The Office for National Statistics (ONS) remarked that yesterday’s release marked the weakest performance in four months, citing a fall in industrial output and construction which offset a rise in services activity. Investors fear that stalling economic growth could prompt the Bank of England (BoE) to bring forward its rate-cutting plans; though other indicators such as UK wage growth make such an outcome less likely.
Suren Thiru, economics director at the Institute of Chartered Accountants in England and Wales, reassured markets: ‘Despite these disappointing GDP figures, a June interest rate cut looks improbable, with the Bank of England likely to be a little wary of shifting policy in the middle of a General Election campaign.’
Inspiring GBP movement later in the session, the latest US inflation data printed below estimates: core consumer prices expanded by 0.2% on a monthly basis and 3.4% in an annualised context.

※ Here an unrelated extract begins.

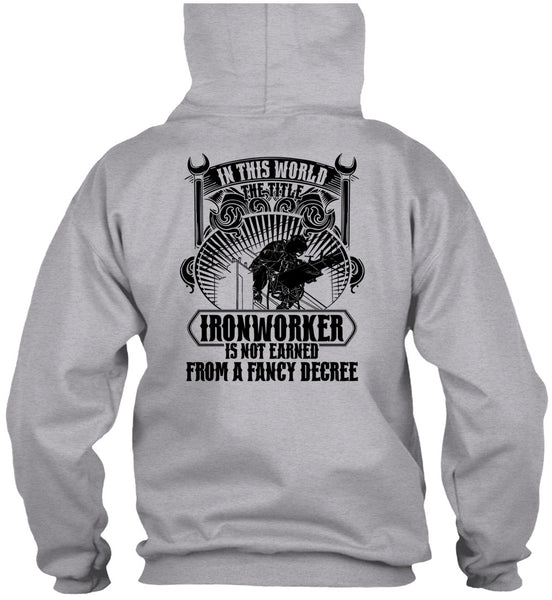 In This World The Title Ironworker T Shirt, I Love Ironworker T Shirt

The softer-than-forecast data pressured the US Dollar (USD), consequently lending support to the currency’s rivals.
Thus, the Pound climbed against its safe-haven peers but fell sharply in exchange rates with perceived-riskier currencies such as the ‘Kiwi’.
New Zealand Dollar (NZD) Firms, Shrugs Off Chinese Data
The New Zealand Dollar climbed against several peers on Wednesday, boosted by weak US inflation data and the Reserve Bank of New Zealand (RBNZ)’s hawkish monetary policy outlook.
During the early Asian session, Chinese inflation missed forecasts: headline inflation printed at 0.3% rather than the anticipated 0.4% in the year to May, while on a monthly basis the economy contracted. New Zealand and China are close trading partners and high-impact Chinese data invariably influences NZD trading dynamics; yet the ‘Kiwi’ shrugged off headwinds, instead strengthening amid US Dollar weakness.
The increased likelihood of a September interest rate cut from the Federal Reserve following a softer-than-expected US inflation reading emboldened currency traders, as looser monetary policy in the world’s largest economy has a knock-on effect upon global markets. The prospect of less restrictive trading conditions sparked a wave of bullish sentiment amongst New Zealand Dollar investors.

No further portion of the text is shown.